The federal government needs a way to figure out how to appropriate more than $675 billion annually for programs that impact housing, education, transportation and other everyday facets of life.
The best way to do that: Count everyone, and see where they live.
That’s why the government conducts a census every 10 years, and the next one is basically here already. (The 2020 census began in Alaska on Jan. 21.)
Beginning in mid-March, households will get invitations in the mail to take the survey, which can be completed online, by phone or by mail. This is the first time the census can be filled out online.
Every home will receive the invite by April 1, and respondents should fill out the survey according to where they lived on this day. (If you move on April 8, for example, and haven’t yet filled out the census, you would fill it out as though you hadn’t moved.)
Census-takers, also called enumerators, will knock on doors from May to June to remind people who haven’t responded.
Why is the census important?
Not filling out the census means missing out on money. A study from John Washington University found that each person who doesn’t fill out the census costs their community about $972 annually
Multiply that by 10 years, until the next census, and that means missing out on almost $10,000 per person.
Rain Wilson, director of the Performing Arts Academy at Indiana Black Expo, said organizations committed to social justice can be negatively impacted when Black and brown people are undercounted in the census.
“Getting these numbers right affects money,” she said. “We need to let the money folks know we are here and have needs.”
Other than the hundreds of billions of dollars that the government needs to hand out for various programs, numbers from the census also determine how many congressional seats each state gets and how districts should be drawn.
The most representatives Indiana had was 13 from 1873 to 1933. The state had 10 representatives until the 2000 census, when it was reduced to the current nine.
What questions are (and aren’t) on the census?
There’s a section on the census for each person living in the home and asks about their age, sex, race, Hispanic origin and relationship to the head of the household.
The census does not ask about religion, income, education, employment or other more personal questions. (The U.S. Census Bureau compiles that data from the annual American Community Survey, which samples a limited number of people.)
The census also does not include a question about citizenship.

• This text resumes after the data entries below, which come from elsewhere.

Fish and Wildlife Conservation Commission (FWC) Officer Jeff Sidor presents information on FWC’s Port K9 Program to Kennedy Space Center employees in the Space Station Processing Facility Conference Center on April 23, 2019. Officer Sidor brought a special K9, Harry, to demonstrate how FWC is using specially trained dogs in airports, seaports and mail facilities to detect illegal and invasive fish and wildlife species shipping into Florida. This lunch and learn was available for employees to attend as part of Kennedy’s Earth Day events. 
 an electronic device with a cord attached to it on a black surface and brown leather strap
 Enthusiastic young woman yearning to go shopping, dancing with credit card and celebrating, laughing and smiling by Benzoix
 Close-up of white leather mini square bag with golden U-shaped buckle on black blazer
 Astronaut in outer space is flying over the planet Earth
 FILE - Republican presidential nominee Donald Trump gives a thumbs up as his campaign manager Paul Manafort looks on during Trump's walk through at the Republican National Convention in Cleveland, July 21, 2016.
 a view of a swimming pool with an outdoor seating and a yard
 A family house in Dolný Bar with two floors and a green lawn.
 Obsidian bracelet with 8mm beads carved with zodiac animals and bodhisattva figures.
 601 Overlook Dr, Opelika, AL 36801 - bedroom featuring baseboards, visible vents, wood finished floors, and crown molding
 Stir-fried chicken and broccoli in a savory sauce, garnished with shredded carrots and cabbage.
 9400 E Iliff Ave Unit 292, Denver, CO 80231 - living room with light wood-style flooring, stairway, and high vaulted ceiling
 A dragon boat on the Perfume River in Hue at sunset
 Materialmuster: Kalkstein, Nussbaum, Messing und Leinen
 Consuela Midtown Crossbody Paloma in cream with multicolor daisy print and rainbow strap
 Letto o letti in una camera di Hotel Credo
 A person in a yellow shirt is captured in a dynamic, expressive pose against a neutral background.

U.S. Secretary of Commerce Wilbur Ross announced in 2018 the census would include a citizenship question, which many said would discourage Hispanic communities from filling out the census and result in undercounting.
The U.S. Census Bureau announced in 2019 it would remove that question.
What happens to the data?
Title 13 of the U.S. Code prevents the U.S. Census Bureau from releasing any identifiable information about individuals, households or businesses, even to law enforcement.
All staff take a lifetime oath to protect personal information, and any violation comes with a penalty of up to $250,000 and/or up to five years in prison.
To support historical research, the U.S. Code does allow the National Archives and Records Administration to release census records after 72 years.